Evaluation of immunostainings

The stained slides were digitally scanned with a high-resolution scanner (Pannoramic Scan, 3DHISTECH Ltd.), and used for virtual microscopic evaluation with the Pannoramic Viewer 1.15 (3DHISTECH Ltd.). Ki67 and RRM2 stainings were scored independently in a blinded manner by 3 observers (VKG, KK and TM). Ki67 index was determined as the portion of positive cells upon examining 1000 cells. RRM2 score was determined as described earlier [29]. It was based on staining intensity of individual cells (0 = none, 1 = weak, 2 = moderate, 3 = strong) and the portion (0-100%) of cells staining at each intensity level [29]. RRM2 score was calculated by the RRM2 score = 1x+2y+3z method, where x, y, z are the percentage of cells with weak (x), moderate (y) and strong (z) immunoreactivity [29]. Modified Weiss score [30] was determined by a pathologist specialized in adrenal pathology (TM).

Statistical analysis

For detecting differently expressed mRNA transcripts, Students’ two sided independent samples T-test was used. Upon ΔCt values, differences were analyzed between G1 vs. S, S vs. G2 and G1 vs. G2 phases (cell cycle experiment) and treated vs. control groups (drug treatment experiment).

For detecting correlation between Ki67 index and RRM2 score, Spearman’s nonparametric correlation was used.

For detecting differences between drug-treated compared to untreated control groups at each time point in relative proliferation rate, cortisol concentration, apoptosis and cell cycle distribution, Students’ two sided independent samples T-test was used.

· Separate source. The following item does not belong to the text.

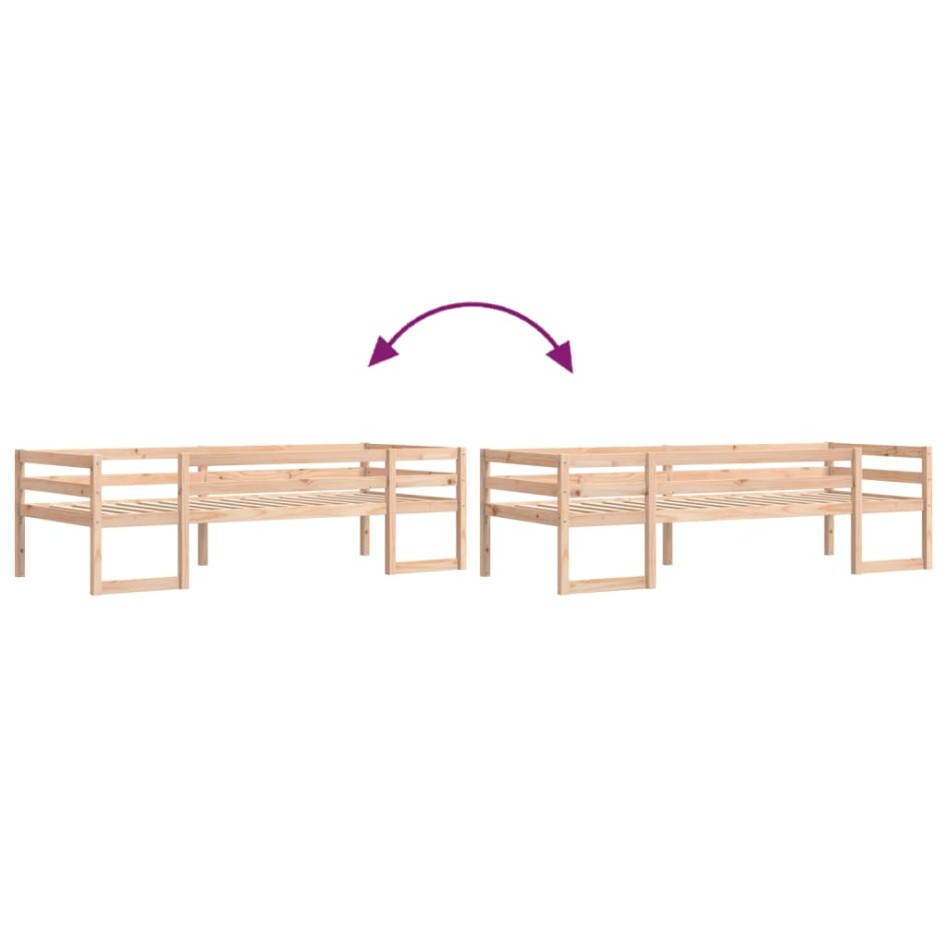 Estructura de cama para niños madera maciza de pino 75x190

In all comparisons p-value <0.05 was considered statistically significant.

Results

Overlap between cell cycle dependent transcription program and the malignancy signature of ACC

Upon the average of the three microarray studies, 1752 transcripts had a minimum of two-fold change alteration between ACC and ACA, while 29 transcripts showed a minimum of two-fold change alteration between S and G1 phase in ACC cell line NCI-H295R (Figure 1A). 18 transcripts were altered in both the malignancy signature and in the cell cycle (Table 2). Among them, RRM2 had the largest upregulation in S compared to G1 phase. Additionally, RRM2 was significantly upregulated in ACC compared to ACA in all three microarray studies (ASPM was the other gene universally upregulated in all three microarray studies comparing ACCs with ACAs and upregulated in S phase compared to G1 phase as well). Upon these results, RRM2 was chosen for further examination.

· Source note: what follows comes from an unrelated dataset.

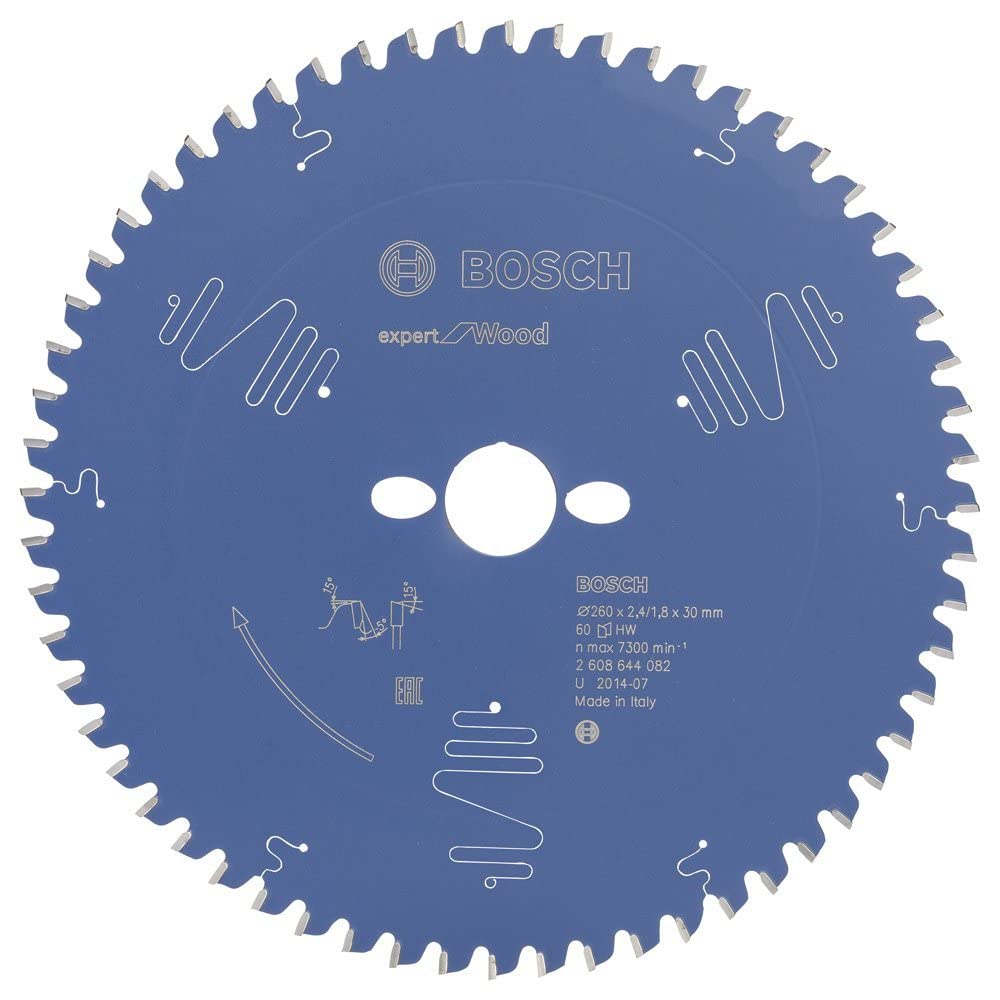 Bosch Professional 1x Kreissägeblatt Expert for Wood (Holz, Sägeblatt Ø 260 x 30 x 2,4 mm, 60 Zähne,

Cell cycle dependent expression of RRM2. A: Venn diagram displaying the overlap of the malignancy signature and the cell cycle regulated transcriptional program of ACC. Red arrows represent up-regulation, green arrows represent down-regulation in ACC vs. ACA and S vs. G1 comparisons. Double arrows represent expression alterations between ACC vs. ACA (left arrow) and S vs. G1 phase (right arrow) in the intersection. For gene list of the overlap genes see Table 2. B: qRT-PCR validation of cell cycle regulated *RRM2*. ΔCt value was normalized to G1 phase (ΔΔCt) and was subjected to FC = 2^-ΔΔCt transformation. Error bars show standard deviation. Asterisks mark statistical significance (P<0.05). C: Western blot analysis of cell cycle regulated RRM2. β-actin was used as loading control.

Table 2.

List of genes displayed in the overlap of the Venn diagram (Figure 1A)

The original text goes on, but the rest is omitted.